Its because the US excluded housing appreciation from the CPI, leading to lots of cheap debt all over the world that gradually bid up home values via the cantillon effect. Its now called owners equivalent rent, and its ridiculous.

Exporting all our production to China also helped dropped rates via deflation, though housing being excluded allowed it to simply flow into housing instead of achieving prosperity.

[-] CaptPretentious@lemmy.world 13 points 3 hours ago

Remember, just because someone posts something on the Internet with confidence, doesn't mean they know what they're talking about.

A lot of people really need to stop taking advice from Twitter/X, Facebook/Meta, Reddit/Lemmy, etc.

Spare me the predictable reply "but why should I listen to you" or any variation.

[-] Apocalypteroid@lemmy.world 6 points 2 hours ago

Username checks out

[-] happytimeharry@lemmy.world 12 points 4 hours ago

lol yes wanting freedom and to be away from your parents at 18. A psyop. Jesus Christ.

[-] superniceperson@sh.itjust.works 2 points 1 hour ago

Most people in most of history don't want that. Or at least not enough to make their life immeasurably worse.

[-] lobut@lemmy.ca 2 points 1 hour ago

I'm 42 and my parents recently moved in with me. Someone killed me.

[-] jsomae@lemmy.ml 3 points 3 hours ago

I came back later when I realized family is important to me.

[-] 96VXb9ktTjFnRi@feddit.nl 10 points 6 hours ago* (last edited 6 hours ago)

I wish this was our problem. Of course, there should be no shame in living with your parents. But it should be out of free will, and here in the Netherlands sadly that isn't the case for many. Our housing market simply doesn't offer affordable housing options. For many young people the only option is a rental apartment that will cost you so much, that if you can afford it at all, you can forget about ever saving any money. Which means that you'll effectively be stuck in this situation forever. Which is an option to consider, but meanwhile those who can afford to buy a house, because of rich parents or whatnot, they have a far better deal, often even paying less on a monthly basis, while at the same time their house increases in value. It's a major dividing factor in our society, separating the rich from the poor. Of course staying home is another realistic option to consider, and more and more people make this choice, but only for lack of a better option. The real tragedy is of course when staying at home is also not a realistic option. A fucked-up housing market makes the vulnerable all the more vulnerable.

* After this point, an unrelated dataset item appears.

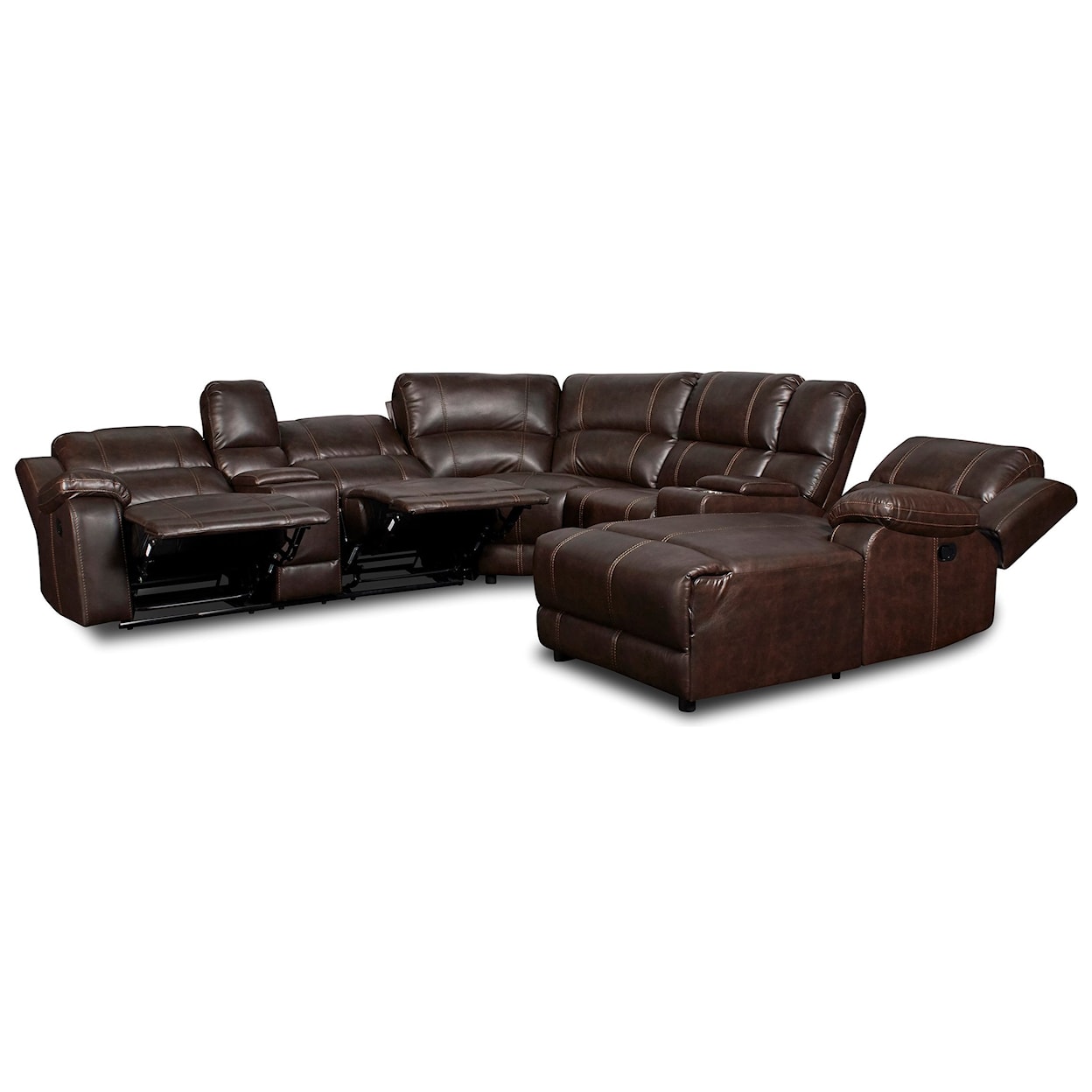 New Classic Rivers Reclining Sectional with Chaise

[-] xor@lemmy.dbzer0.com 2 points 3 hours ago

this is basically what it’s like in america… including the infuriating fact that people’s mortgage payment on a home is usually less than rent… but the man won’t give you a home loan so you’re endlessly a wage slave and paying rent.

landlords even brag about how smart they are by paying their mortgage directly with the rent… like they have a free house hack… forgetting that someone is forced to pay to live….

the only good way to beat it i know is to buy a foreclosure home for cheap and fix it up… but even then you need a good chunk saved up and it’s risky

[-] CluelessCalls@lemm.ee -3 points 4 hours ago

It’s a psy op perpetrated by kids by being awful.

[-] xor@lemmy.dbzer0.com 8 points 4 hours ago

if your kids are awful, good chance you did that to them.

[-] FenderStratocaster@lemmy.world 41 points 17 hours ago

I'm in the party that thinks if you have a full-time job you should be able to afford a home

[-] twice_hatch@midwest.social 13 points 17 hours ago

Both can be true, we can put pressure on all fronts

Also homes could be way cheaper if zoning were fixed, density were legalized, and property taxes were retooled into a land tax

[-] Zagorath@aussie.zone 3 points 14 hours ago

I dunno about America, but Australia has the problems you listed, but we also have problems with tax incentives to investing in housing rather than investing elsewhere, which also helps push up property prices by increasing demand without affecting supply.

[-] MuskyMelon@lemmy.world 19 points 17 hours ago

Asian families: what do you mean "leave"?

Seriously, it's not a bad thing to stay until you can afford to leave.

[-] Wanpieserino@lemm.ee 12 points 16 hours ago

Me, my pregnant wife, my retired dad and my working brother all live in one house. Belgium

Can we afford to live in 3 houses? Yes.

Is it necessary? No.

The house is paid off. One house is being heated, ...

Me and my wife save up about 2500 euros per month. My brother saves up even more because he's spending literally nothing. He saves up his entire paycheck.

Building generational wealth is pretty fun. My parents worked for us. Me and my wife work for our kid. I got basically a house as inheritance in a great economy. Our kid will have a house + investment portfolio (Stoxx 600, gold/silver, ...)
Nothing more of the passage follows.